Финальный Иван Николаевич похож на ларчик с секретом, в котором спрятались, упаковались и в свернутом виде, словно в дремлющем до поры до времени состоянии, живут мотивы и образы разыгравшегося перед читателем романного действа.

«Сотрудник института истории («Я — историк», — рекомендуется Воланд [346]; историком был и мастер) и философии» (скрытая отсылка к разговору о Канте, которого первоначальный Иван порывался спровадить «в Соловки»), «профессор» (одно из имен Воланда, звание главврача скорбной больницы), «бывший поэт» [718—719], бывший Бездомный, Иван Николаевич Понырев вмещает в себя и бесплодное всезнание Берлиоза, и несостоявшуюся земную судьбу тяжелобольного мастера, при котором неотлучно состоит его верная возлюбленная, но главное — в таинственных глубинах его сознания живут «возвышенные и счастливые сны» [721], где длится в вечности выстраданный и вымоленный Понтием Пилатом разговор с казненным пленником, где в кипении лунного света являются Ивану Николаевичу мастер и Маргарита.

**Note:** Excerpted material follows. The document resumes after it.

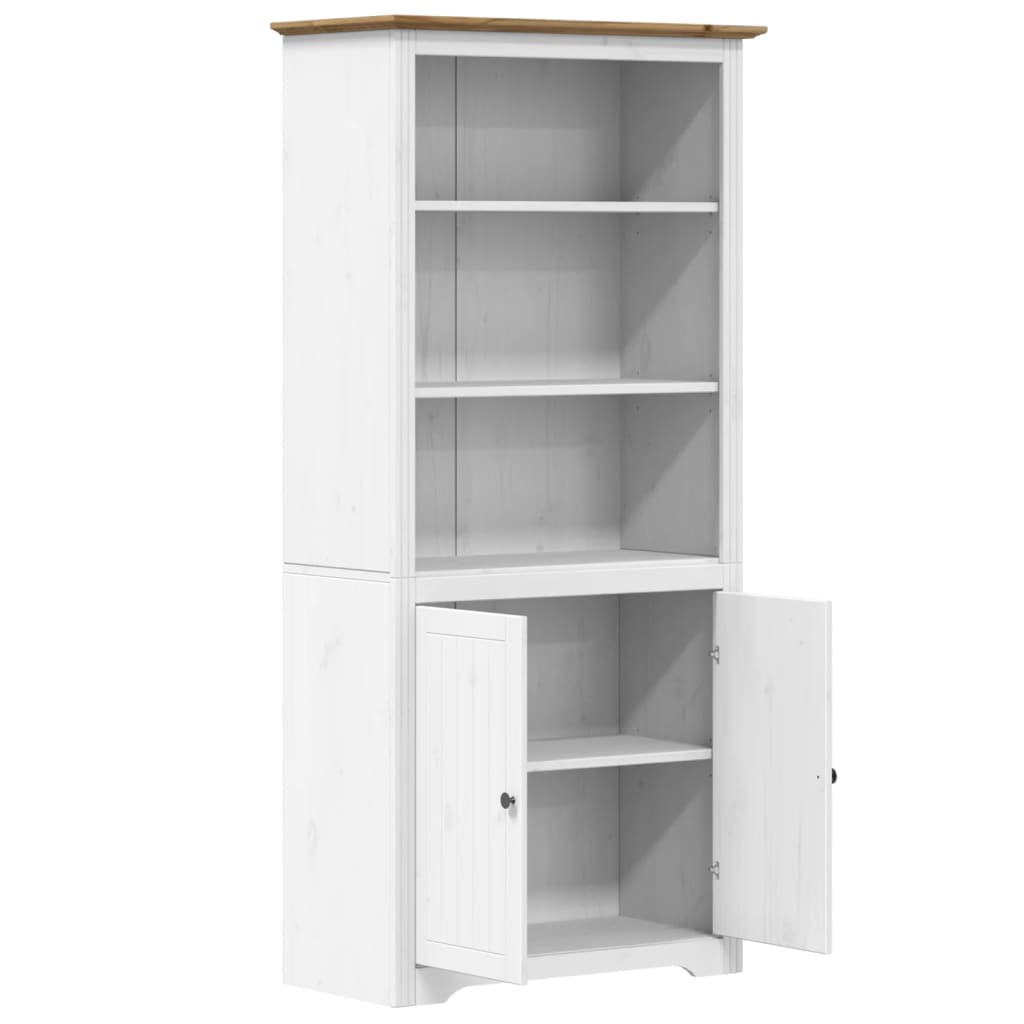 vidaXL Bibliotecă "BODO", alb și maro, 82x40x173 cm, lemn masiv de pin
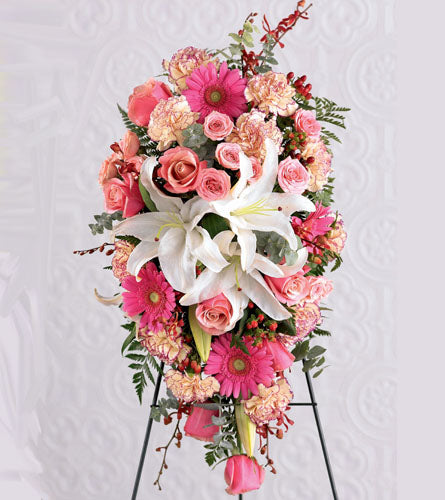 Field of Dreams Standing Spray - floral arrangement on a stand with pink and white flowers.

В отличие от героев Достоевского, Иван Бездомный — не идеолог, а творец. И если двойники героев Достоевского были призваны прежде всего по-другому осветить мысль, иначе преломить идею, которой одержим герой-идеолог, то двойники Бездомного — варианты судьбы, сюжетные вариации, ручейки, растекающиеся в разные стороны не столько в поисках ответа на некий неразрешимый вопрос, сколько как воплощение многообразия, неисчерпаемости и полноты жизненного сюжета, ставшего материалом искусства.

Примечания

1. Достоевский Ф.М. Братья Карамазовы. Указ. изд. Т. 15. С. 74.

2. Там же. С. 72.

3. Там же. С. 85.

4. Там же. С. 74.

5. Казаркин А.П. Истолкование литературного произведения. Кемерово, 1988. С. 56.

6. См. Достоевский Ф.М. Преступление и наказание. ПСС в 30 т. Т. 6. Л.: Наука, 1973. С. 118.

7. Белкин А. Читая Достоевского и Чехова. М.: ИХЛ, 1973. С. 99.

8. Достоевский Ф.М. Братья Карамазовы. Указ. изд. Т. 14. С. 75.

9. Там же. С. 76, 224.

10. Скобелев В. В пятом измерении. Указ. изд. С. 128.